データ・センター,サーバー,ネットワークという「ネット三種の神器」のトップ・ベンダーが揃ってネット・バブル崩壊の手ひどい洗礼を受けている。

 インターネット・データ・センターの最大手,米エクソダス コミュニケーションズは35億ドル(4200億円)もの負債を抱えて9月末に倒産した。また,エクソダス社のデータセンターに設置されているサーバー機の約8割を占め,2000年の米サーバー市場でチャンピオンに輝いた米サン・マイクロシステムズも,7~9月期の売上高が前年同期比43~47%減,3~4億ドル(360~480億円)もの営業赤字が必至の情勢だ。さらにネットワーク機器最大手の米シスコシステムズの2~4月期と5~7月期の営業利益は実に94%減と98%減。2期連続で9割を超える大減益に陥った。

 3社は急成長,急降下という“逆V字型”飛行を極めて短期間で演じてみせた。これほどの逆V字はITの歴史でめったにあるものではない。これを機会にネットバブルとは一体何だったのかを振り返るのも,秋の時節に相応しかろう。

 「ニュー・エコノミは95年8月9日に米国で誕生した」というのが,今では定説になっている。米ネットスケープ・コミュニケーションズが新規株式を公募(IPO)した日だ。28ドルで上場した株価は,その日の終わりに2倍の値を付けた。株は上がり続け,初期の投資家たちは幸運をつかみ,その後5年余り続いたインターネット狂乱の幕が切って落とされたのである。

 ネットスケープ上場前の5年間と上場後の5年間とでは,米国経済の状況は大きく変貌した。どの経済指標をみても,良い方向へ変わったのだ。GDP(国内総生産)成長率は3.3%(上場前の5年平均)から4.3%(同上場後),生産性の伸び率は1.7%から2.8%,インフレ率は3.3%から2.3%,失業率は6.6%から4.8%などだ。

 ネットスケープ社はブラウザでインターネットを身近なものにしたが,「ネットスケープ効果」はそれだけではない。スタートアップ企業がベンチャー・キャピタルや株式市場から巨額の資金を引き出せることを証明した。

 IPOが相次ぎ,シリコンバレーの起業家の情熱はいつの間にか,「技術」から「富」へと変わっていった。起業家はビジネス・スーツを買う前に,既に1億ドルの資金を懐にした。ネットスケープ社のIPOが行われてから,つまりインターネットが一般化してから,競争の激化や加速度的な技術の変化,インフレ消滅というニュー・エコノミのパターンが定まった。
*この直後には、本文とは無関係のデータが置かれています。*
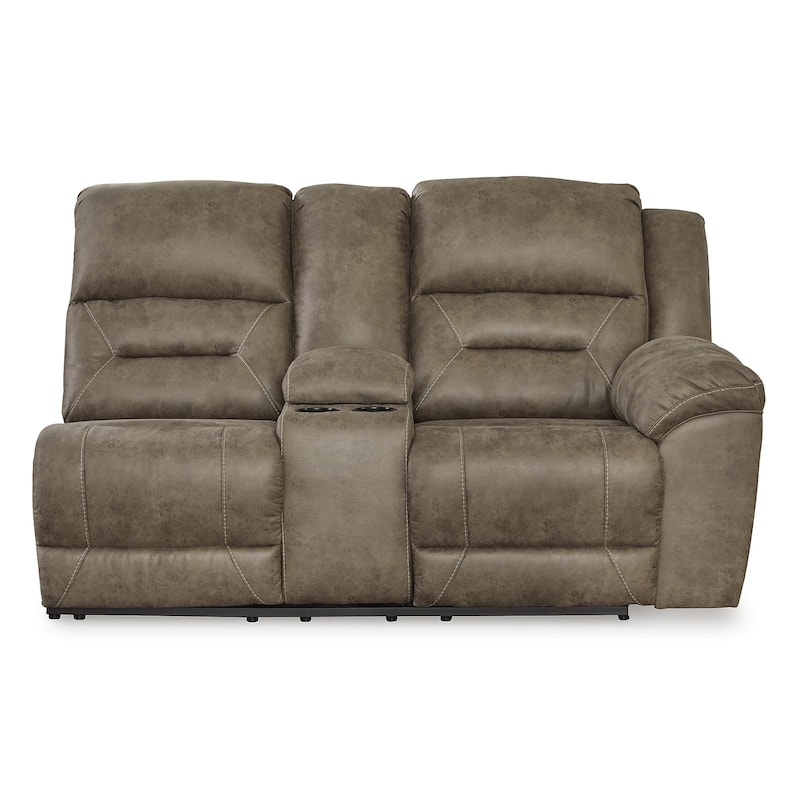 Signature Design by Ashley Ravenel Brown 3-Piece Power Reclining Sectional - 106" W x 93" D x 43" H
 もう一つ「ネットスケープ効果」で見逃せないのは,“大挑戦”を生んだことだ。技術をエンジン,融資をガソリンにしながら新興企業は攻撃の矛先を既存の企業に向けた。いわゆるオールド・エコノミのビジネスモデル打破に挑んだのだ。

 米アマゾン・ドットコムは米国最大の書店バーンズ・アンド・ノーブルに攻勢をかけ,米イートイズは米トイザラスを攻撃し,米イー・トレードは米メリル・リンチを攻め立てた。既存企業は,スピーディな行動や新技術の導入,値下げを強いられるようになった。

 技術変化の激しい分野では,恐れが投資への強い意欲を生む。

 物理的な店舗を構えて商売をしてきた企業は,破竹の勢いで台頭してきたドットコム企業に打ち負かされるのではないかと恐れおののいた。多くの既存企業は,利益の見込みや成功する保障がないのにもかかわらず,大枚をはたいてWebサイトの構築に殺到した。競争への参加料のようなものだ。米モルガン・スタンレーによれば,2000年の米企業のIT投資は1990年の3倍の5320億ドル(64兆円)。それも後半の5年に集中した。

 こういうIT特需をサーバー・ホスティングのエクソダス社やサン社,シスコ社が享受した。ドットコム企業はもちろん,彼らにビジネスを脅かされたオールド・エコノミのIT需要をガッチリ手にしたのである。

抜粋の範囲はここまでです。